New Labor Deal Items
- Not many details at first, but the announcement came on Friday 11/18 that the two sides had reached an agreement for a new 5-year labor deal, per Ken Rosenthal breaking the story. Tom Verducci is right though in complaining that there are precious few details right now on how the Houston move affects the schedule. Here’s a nice Labor agreement overview from a good Business of Baseball blog that covers the business-side of the industry, and also a detailed review of the new CBA.
- Apparently one feature of the new agreement is the elimination of free agent compensation for relievers. This is a welcome move and is refreshing to see, in that this particular rule was clearly broken and wasn’t in the best interests of either the clubs or the players.
- Matthew Pouliot reports that the new agreement could have a “low-payroll” tax on clubs that don’t spend a certain amount. I struggle with this concept to a certain extent. Clearly teams that pull the plug on free agency and start over have shown that they can be successful in this league. Tampa Bay and (to a certain extent) Texas in recent times have won playoff series with payrolls in the bottom 5 of the league. Meanwhile teams like Pittsburgh and Kansas City may not have big MLB payrolls but are investing heavily in the draft ($17M by Pittsburgh last year). So any such tax would have to be implemented in a way that it allows teams to “start over” without incurring such a tax. I think the last thing we want is to see poor free agent signings and millions of dollars in payroll wasted just to reach an arbitrary level. The bigger problem in this league is not at the payroll bottom, but at the payroll top.
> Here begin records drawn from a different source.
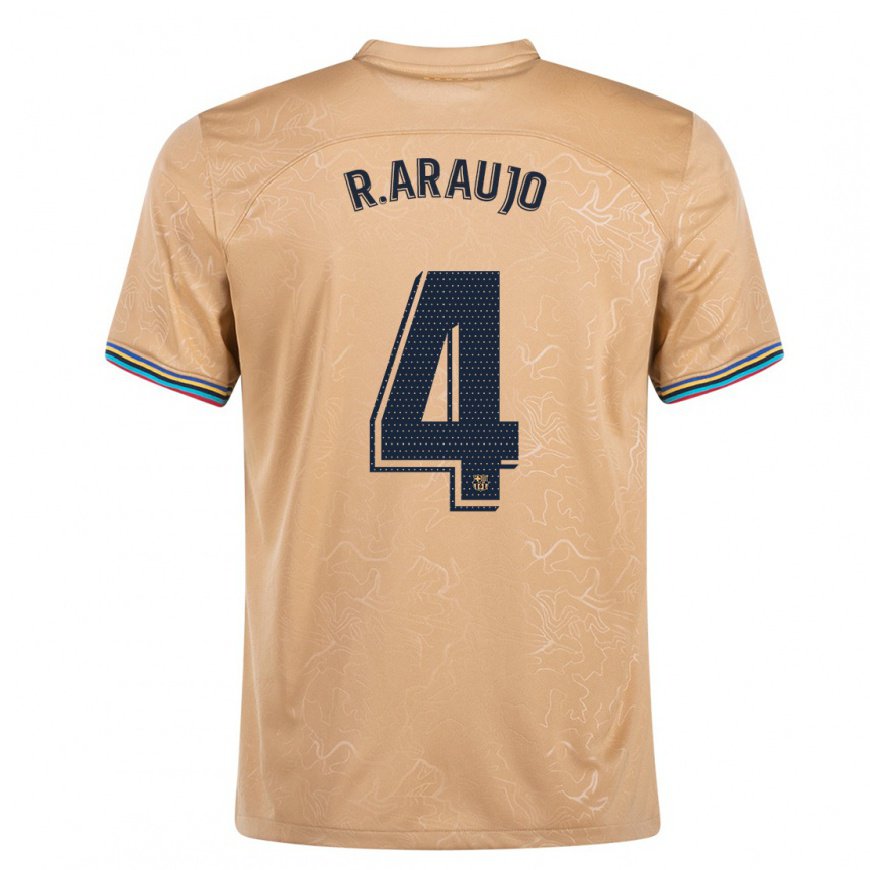 Kandiny Hombre Camiseta Ronald Araújo #4 Oro 2ª Equipación 2022/23 La Camisa Chile
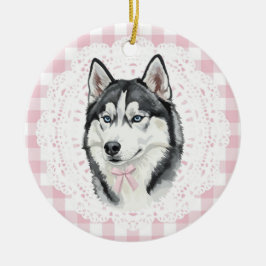 Coquette Husky Dog Pink Gingham Bows Julgransprydnad Keramik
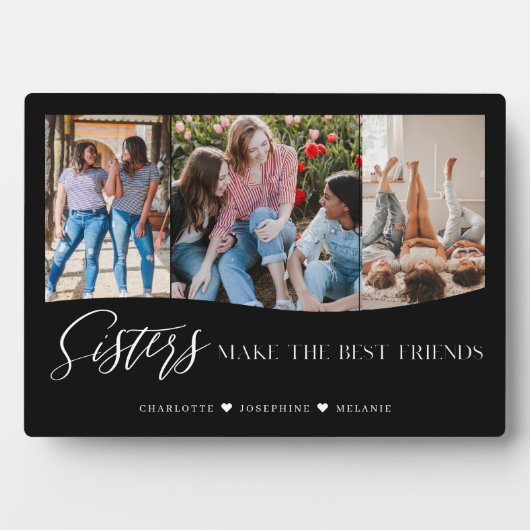 Sisters machen die besten Freunde 3 Foto Keepake Fotoplatte (Vorderseite)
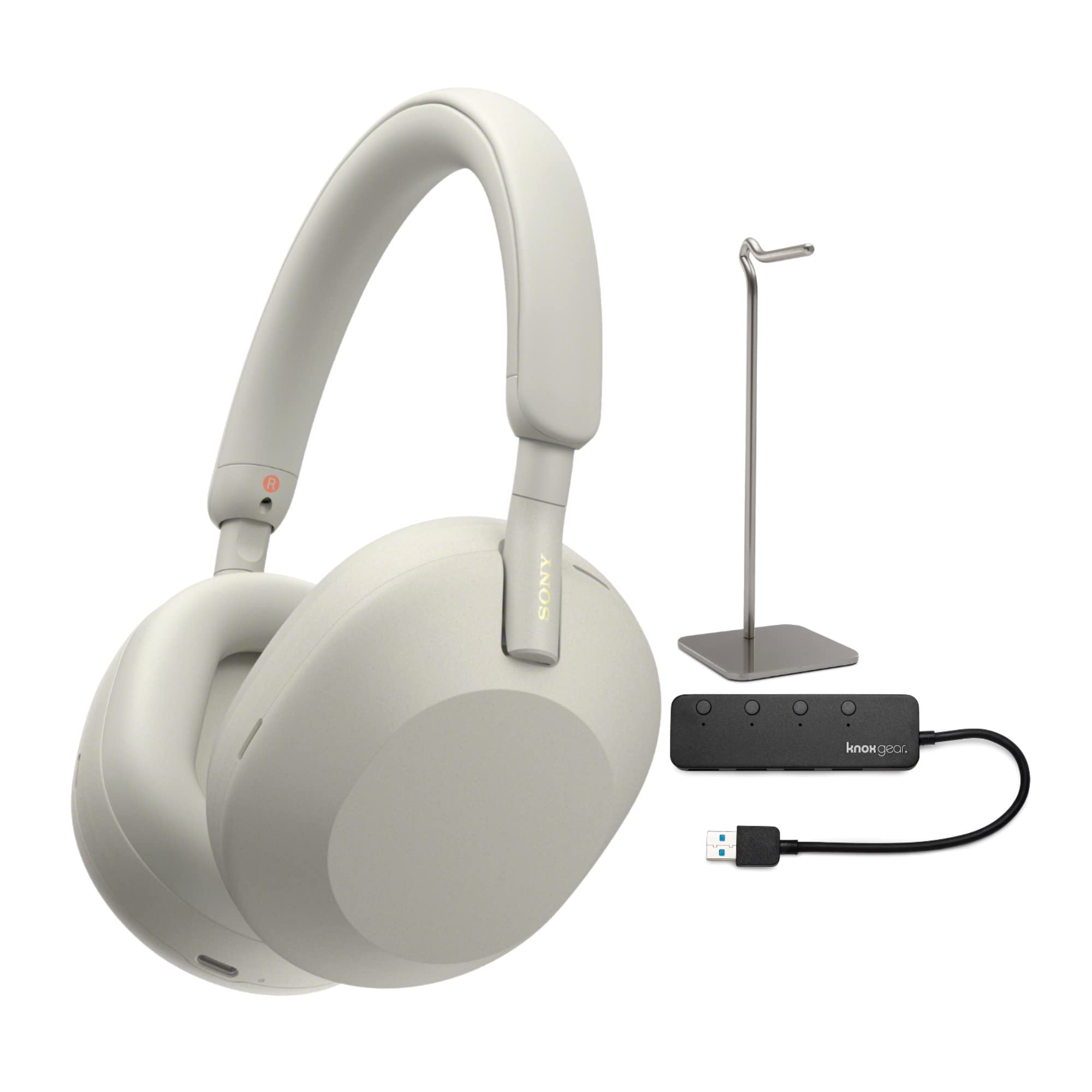 Sony WH-1000XM5 Wireless Noise Canceling Over-Ear Headphones (Silver) with Knox Gear 4-Port USB 3.0 Hub and Alloy Headphone Stand Bundle (3 Items) 1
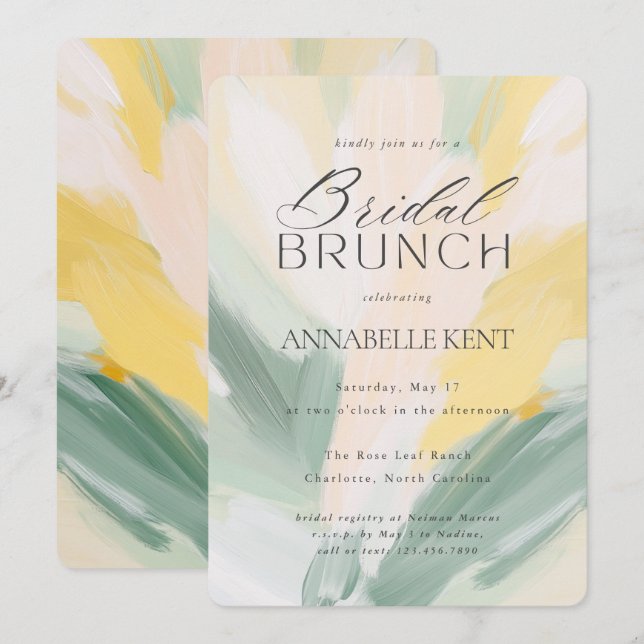 Invitación Resumen Art Modern Pintura Boda Brunch de novias (Anverso / Reverso)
- Rosenthal calls the new deal a “dagger” to small-market teams. Hard to disagree.
- Scott Boras says the new deal hurts “all of baseball.” I realize he’s quite biased, but I don’t disagree with him either. It really seems that Selig and his little band of millionaire owners paid little attention to the growth of the game and competitive balance achieved by smart teams building through the draft, and were more interested in saving a few million dollars annually in the draft. Really disappointing.
General Baseball News
- Some career-reflection comments from the Owners meetings in Milwaukee from commissioner Bud Selig. Like him or not, his tenure has resulted in a lot of significant events in the history of baseball. Some good, some bad. Expansion, Wild Card, Divisional play, steroids. Its all in there.
- Apparently there’s some movement in the A’s relocation to San Jose possibility. There’s some direct parallels here to the plight of the Washington Nationals, and I’d guess that the Giants will get a similar sweetheart regional sports network deal in order to “relinquish” their San Jose territorial claim. For me though, the difference between the Baltimore and Washington markets is much more distinct; there’s really only one road between Washington and Baltimore, and a realistic trip to reach Baltimore’s inner harbor from the Northern Virginia area on a week night in traffic would take more than 2 hours. San Jose is a comparable distance from San Francisco, but with multiple interstate-speed routes between the two cities (I-280, California 101 and I-880) the San Jose market is less distinct from San Francisco. People regularly commute between the two cities.
- Interesting article from Mike Silva about possible future expansion in the MLB. He thinks two more teams would make sense, one in New Jersey and the other in, wait for it, Montreal. I posted on more or less this same topic in July, concluding that two new teams (San Antonio/Austin and Portland) would make a ton of sense. Of course, what would make MORE sense is two new teams in the two massive markets of New York (perhaps in Jersey somewhere as is suggested) and Los Angeles (specifically in Riverside/Valley area that’s 1.5 hours on a good day from either Anaheim or down-town). But baseball has allowed these owners to have territorial claims that are somehow gifted by god (see the previous San Francisco/San Jose argument) and thus making expansion into these markets an impossibility.